Part of my writing research involves delving more into the lives and minds of people who, for one reason or another, have decided that words are not enough. And among many other things, I've learned that soldiers have an interesting relationship with the country they represent. During this 10 year conflict in the Middle East (that's half my life, folks) public perception has changed from one extreme to another and back again. On a national level, I think we're currently somewhere in the middle.
One of the local papers recently addressed this trend, and made a statement regarding "the war everyone forgot we were fighting". As a card-carrying member of the Apathy Party who has no loved ones currently overseas, I found the concept convicting on a personal level.
I'm not too keen on this war, but I also know that it's not just the patriots out there. Some people are choosing to shoot and get shot at in a foreign country because it's the only job they can get.
That. Really. Blows.
I'm a cashier at a dollar store, and from the beginning of November to the few days before Christmas I'm going to have a little basket of toys at my register. Part of my job is to ask customers to donate one of these toys to an organization that will give them to children of local military families.

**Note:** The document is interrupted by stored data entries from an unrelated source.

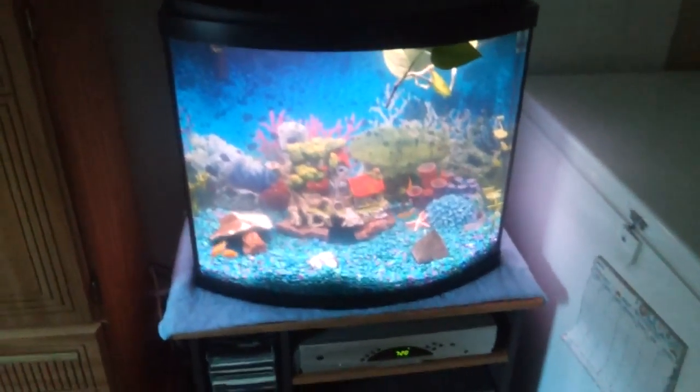So yeah, that's the 26 bow front in the guest room.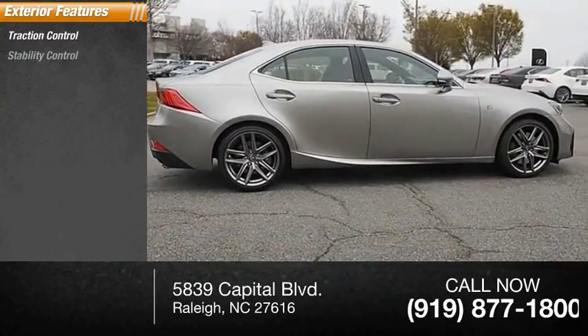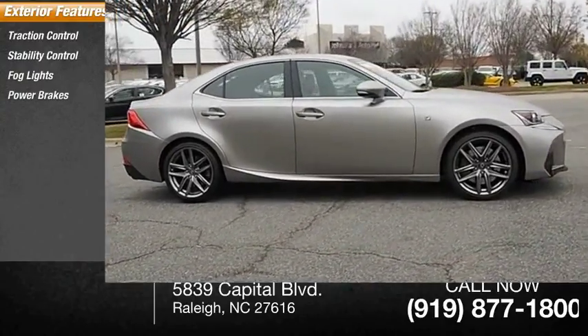Traction control, stability control, fog lights, power brakes, braking assist.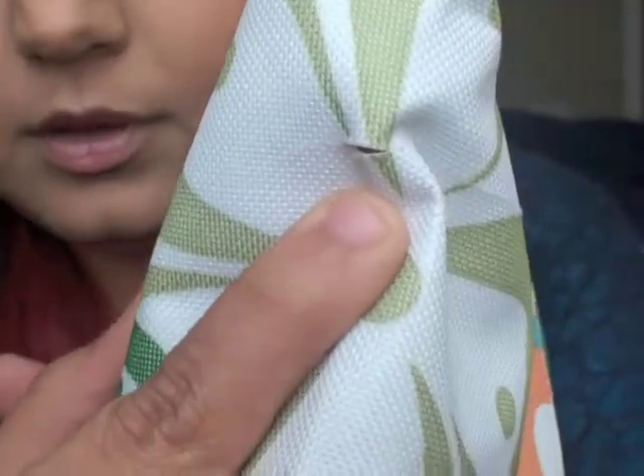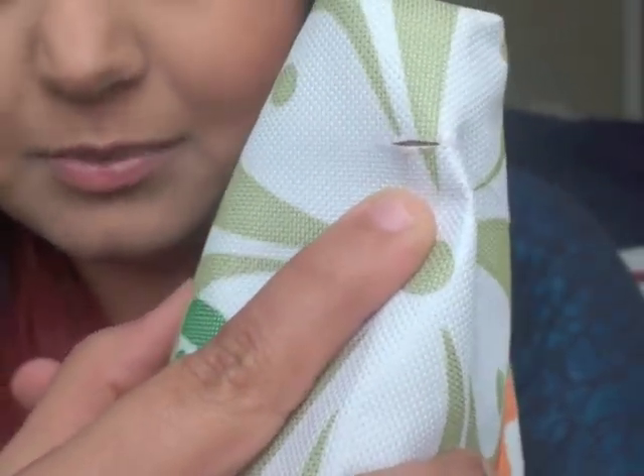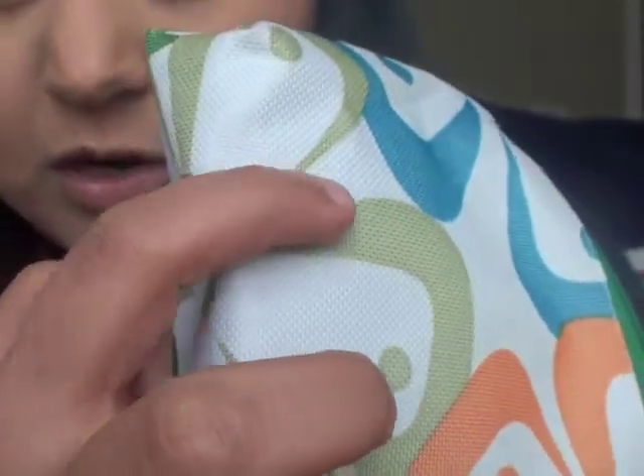This bag stinks — I'm sorry to tell you this, but this bag really, really stinks. It smells like mothballs. Oh my god, I just realized something — this is actually ripped! Do you see that? This is ripped and this line is going straight all the way up. Wow, that really sucks. What a disappointment.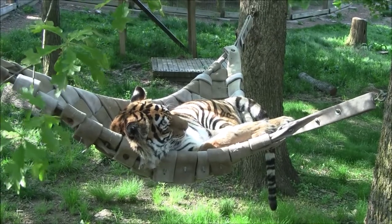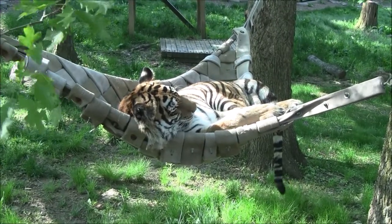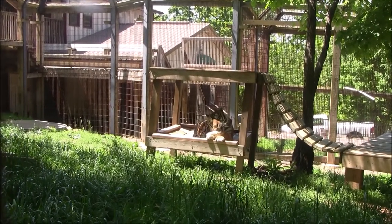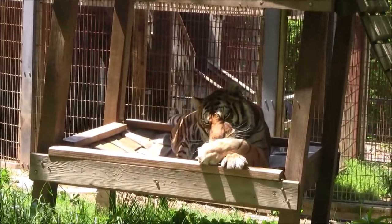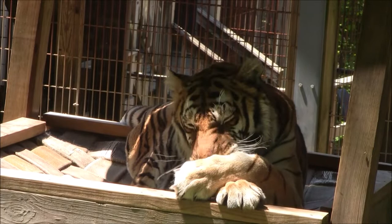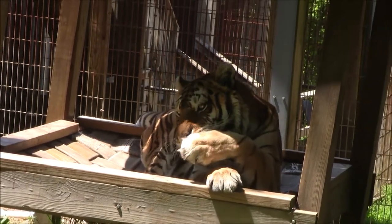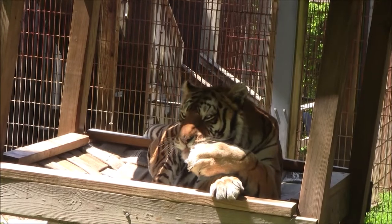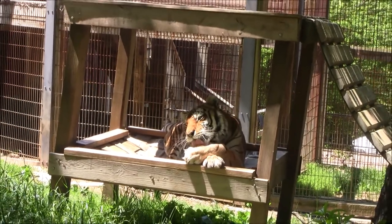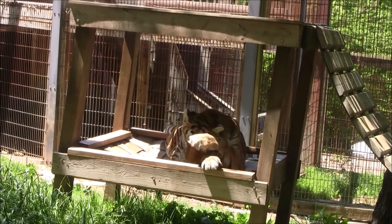That's pretty much everything about Thor. Now we will move on and go see what her sister Gracie is up to. So this is Gracie — she is one of our two females and Thor's sister. Like Thor, she was rescued from Exotic Animal Paradise, and she still does carry a few more scars with her. If you look at her eyes, you'll see that they're kind of a cloudy white color.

Sometimes I like to pretend I'm a scientist, so I'm conducting an experiment of sorts. I've found that if I just say, "Would you like to donate any toys to X today?" they can politely decline rather easily; however, if I say, "Would you like to donate any toys to local kids?" they're more like to reply, "Sure!" or "Tell me more!"
Yes, cynics, I'm basically practicing my guilt-tripping skillz. But it's true, if my customers know that the toys are going to go to a child in this area, a child they might know, they're much more likely to donate. And ever since a local soldier was killed shortly before he was scheduled to go home, the odds are even better. Make of that what you will. It's certainly one of the grayer quirks of human nature.
In the interest of full disclosure, I'm a bad scientist. I tend to get involved.
Once every day or two, the baskets need to be refilled. When it's my turn, I like to put in things like packages of army men (We have the ones with the parachutes!), crayons, coloring books, stuffed animals, etc. On Sunday, I had to count up the number of toys people donated the previous week. Apparently someone, I don't know who and it doesn't matter, thought that a fake winning lottery ticket from our prank section would be a brilliant gift for a kid who's dad has been gone for 6 months and might not come back while Mom does the work of two people to keep the family together in the meantime.
Honest question: does it mean I'm oversensitive if that made me want to start flipping tables?
Okay, so it wasn't that bad. And I really don't think whoever bought that did it because they had an overly morbid sense of humor. They probably just weren't thinking at all. "Yeah, sure, just pick whatever and throw it on my total. (Then I won't feel bad for saying 'no' next time.)" Even so, it surprised me how bothered I was.
I must confess I'm at a loss when it comes to taking action. Yesterday I donated a comic book, but since it only put me out a dollar and required no further effort it did little to assuage my sense of...I don't even know what to call this. It's a strange blend of duty and impotence. I'm just a broke cashier with limited transportation and opportunity. What can I do to actually help a complete stranger and tell them, "I'm not blind to the sacrifices you're making"?
I really want to know, but since I don't, I'm going to set the bar a little lower. I'll start with genuine appreciation and work myself up to true self-sacrificing compassion once I've figured out the specifics.
So then: I'm thankful my own dad has suffered nothing worse than back aches, wrist strain and migraines at his quiet office job over the years. I'm also happy that my brother-in-law could play with his 3-year-old son and 5-month-old daughter today, even if he has to leave tonight for a grueling shift at a paper mill. It's a hazardous place, but he can be reasonably certain he'll come home the next day. And I'm so relieved that when my husband and I did the long-distance thing for 2 years, he was safe on a college campus and not putting his life on the line for reasons unable to be pinned down by general consensus. Because whatever banal suburban ennui I might experience, it's nothing compared to the real pain that others are feeling right now. Pain that can't be fixed by a dollar store toy.
The men and women of the armed forces aren't angels or demons. They're humans that place themselves in situations that most of us couldn't bear. That can often lead to some unfortunate things, but it often leads to something wonderful too. And I'm finally starting to understand and respect that like I should.